Christiane F. ("Christiane F. – Wir Kinder vom Bahnhof Zoo")
“The images are so powerful, the horrors so strong and the performances (by a cast of young unknowns) so utterly, bleakly, realistic... This is a movie of hell” — Roger Ebert, CHICAGO SUN-TIMES
The story of Christiane F. (Christiane Felscherinow) first came to the public eye in 1978, when a couple of writers for a German news magazine were interviewing her because she was a witness in a court case, testifying against a man who had paid underage girls with heroin for sexual favours. She was 15 at the time of the interview, and the initial two-hour session turned into several months of interviews that eventually became Christiane F.’s autobiography, “H: Autobiography of a Child Prostitute and Drug Addict”, which came out in 1979. Before the book was published, these reporters ran a series of articles about her in Stern magazine, so by the time her book came out she was already famous.
When the tale begins, Christiane is an average 12-year-old kid, who falls in with the underage nightlife surrounding Berlin’s notorious Zoo Station and becomes a heroin-addicted prostitute before her 13th birthday (her age was upped a year in the film). The book was a sensation around the world, its sales likely bolstered in the U.S. by the fact that it was taught in many schools as part of the ongoing campaign against teenage drug use. In 1981, Uli Edel (director of LAST EXIT TO BROOKLYN and THE BAADER-MEINHOF COMPLEX) made the film version, casting a series of underage high-schoolers who had never acted before (and most of them never would again). Natja Brunckhorst, who plays the title role, is only 14 in the film — which would never happen now given the severity of the part. With her single mother blissfully unaware, Christiane and her seedy makeshift street family spend their leisure time at youth nite-spot Sound, where drugs flow freely, David Bowie pumps out of the speakers and finding an ashen delinquent O.D.’d on the bathroom floor is a regular occurrence.

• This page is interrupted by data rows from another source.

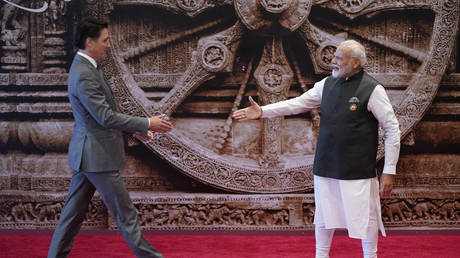 Индия не вмешивалась в выборы в Канаде – СМИ — RT India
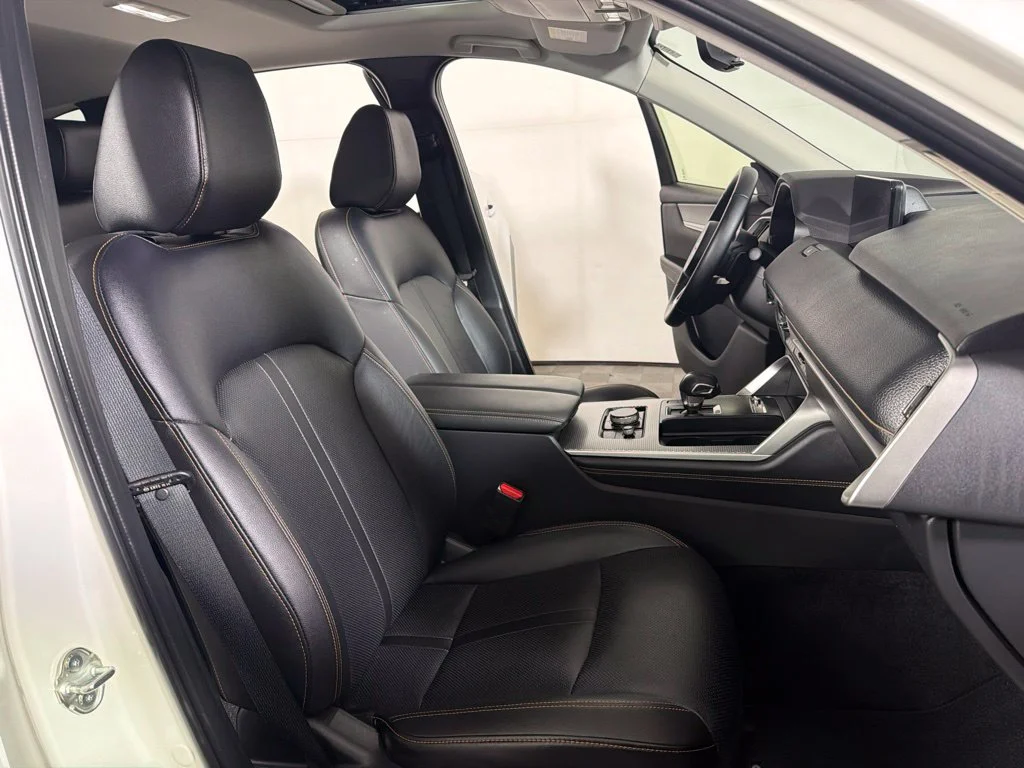 Used 2026 White Mazda 3.3 Turbo Preferred image 24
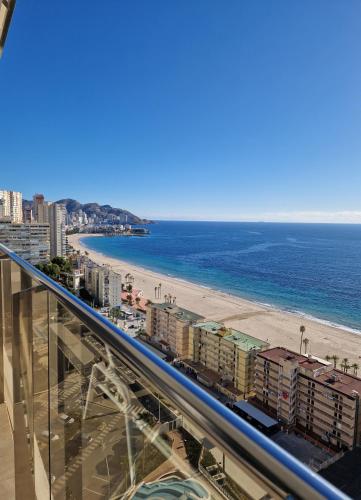 Apartment Sunset Cliffs Poniente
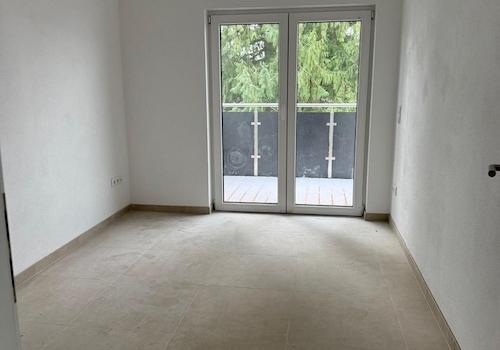 Dachgeschoss Zimmer2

But despite the film’s unglamorous depiction of hard drug use — withdrawal is greasy and brutal, youthful skin becomes sallow and blemished, optimistic beliefs are thrown out the window as sex becomes currency — Christiane F.’s story spawned a sea of teenage imitators worldwide who found romance in her plight. This unlikely side effect notwithstanding, CHRISTIANE F. remains the most uncompromising drug film ever made.